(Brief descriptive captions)
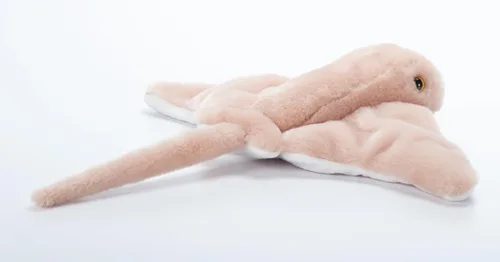 Miniatura 6 de The Petting Zoo Cownose Ray - Peluche de peluche, regalos para niños, animales salvajes del océano Onez, juguete de peluche de rayas de 15 pulgadas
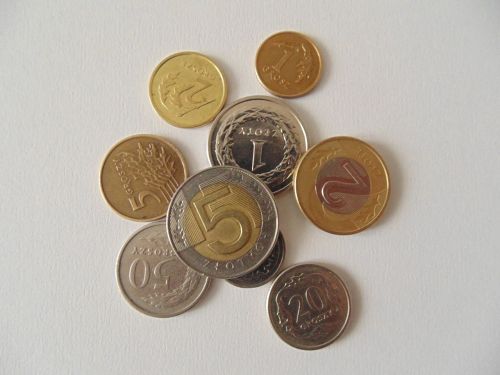 coins polish currency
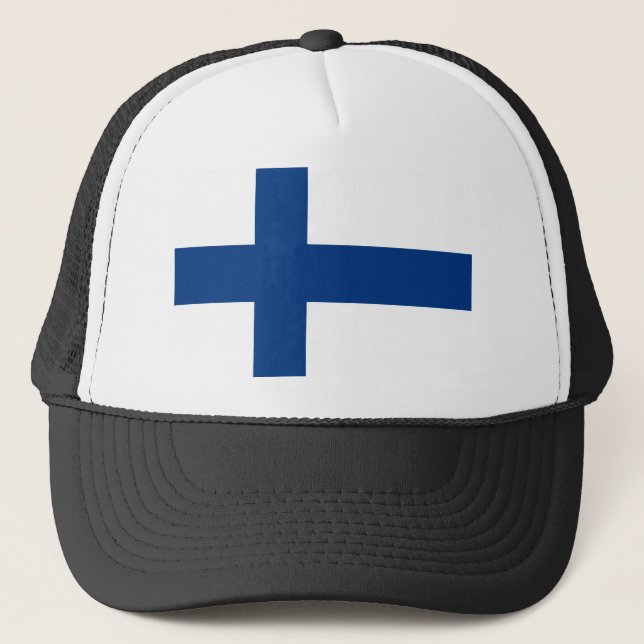 Flagge Finnlands Truckerkappe (Vorderseite)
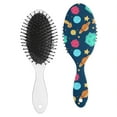 thumbnail image 2 of Cosmos-Themed Round Bristle Brush for Wet & Dry Hair Gentle on Scalp, 2 of 5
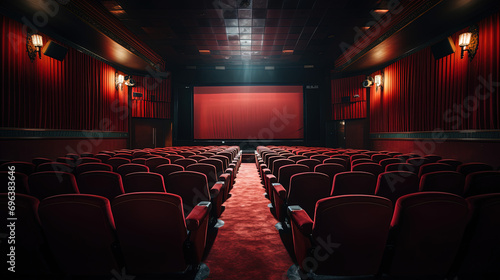 Empty Cinema Theatre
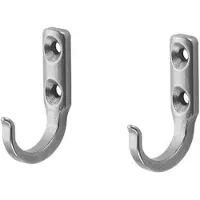 INF RVS J-vormige Verticale Haken 2-pack — Massief Gietstuk, Corrosiebestendig, Hoge Laadcapaciteit
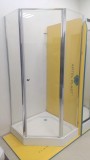 Душевая кабина Atlantis B-009-9 прозрачное стекло С ПОДДОНОМ 90х90х204 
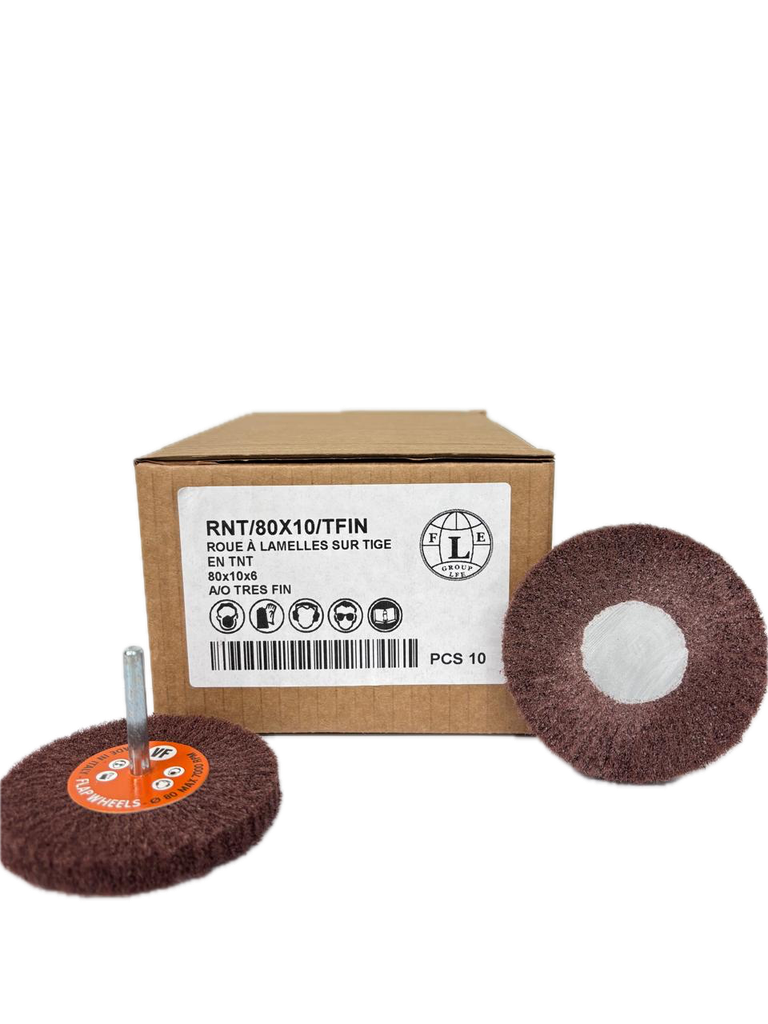 Roues Non tissé Tige 6 mm SOFT RNT6 80X10mm A/O Très Fin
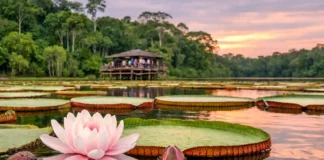 A flor que floresce uma vez por ano e move o turismo na Amazônia A flor que floresce uma vez por ano e move o turismo na Amazônia
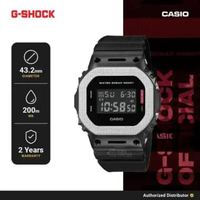 G-Shock Jam Tangan Digital Pria GM-5600BM-1DR Original Black Resin Strap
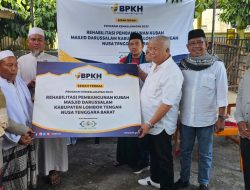 Rachmat Hidayat Bantu Bangun Kubah Masjid Darussalam Batukliang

* _What the task asks_: Take every entry and repeat it verbatim, minus the pictures.

* _Solution for this task_:
 Miniatura 6 de The Petting Zoo Cownose Ray - Peluche de peluche, regalos para niños, animales salvajes del océano Onez, juguete de peluche de rayas de 15 pulgadas
 coins polish currency
 Flagge Finnlands Truckerkappe (Vorderseite)
 thumbnail image 2 of Cosmos-Themed Round Bristle Brush for Wet & Dry Hair Gentle on Scalp, 2 of 5
 Empty Cinema Theatre
 INF RVS J-vormige Verticale Haken 2-pack — Massief Gietstuk, Corrosiebestendig, Hoge Laadcapaciteit
 Душевая кабина Atlantis B-009-9 прозрачное стекло С ПОДДОНОМ 90х90х204 
 Roues Non tissé Tige 6 mm SOFT RNT6 80X10mm A/O Très Fin
 A flor que floresce uma vez por ano e move o turismo na Amazônia A flor que floresce uma vez por ano e move o turismo na Amazônia
 G-Shock Jam Tangan Digital Pria GM-5600BM-1DR Original Black Resin Strap
 Rachmat Hidayat Bantu Bangun Kubah Masjid Darussalam Batukliang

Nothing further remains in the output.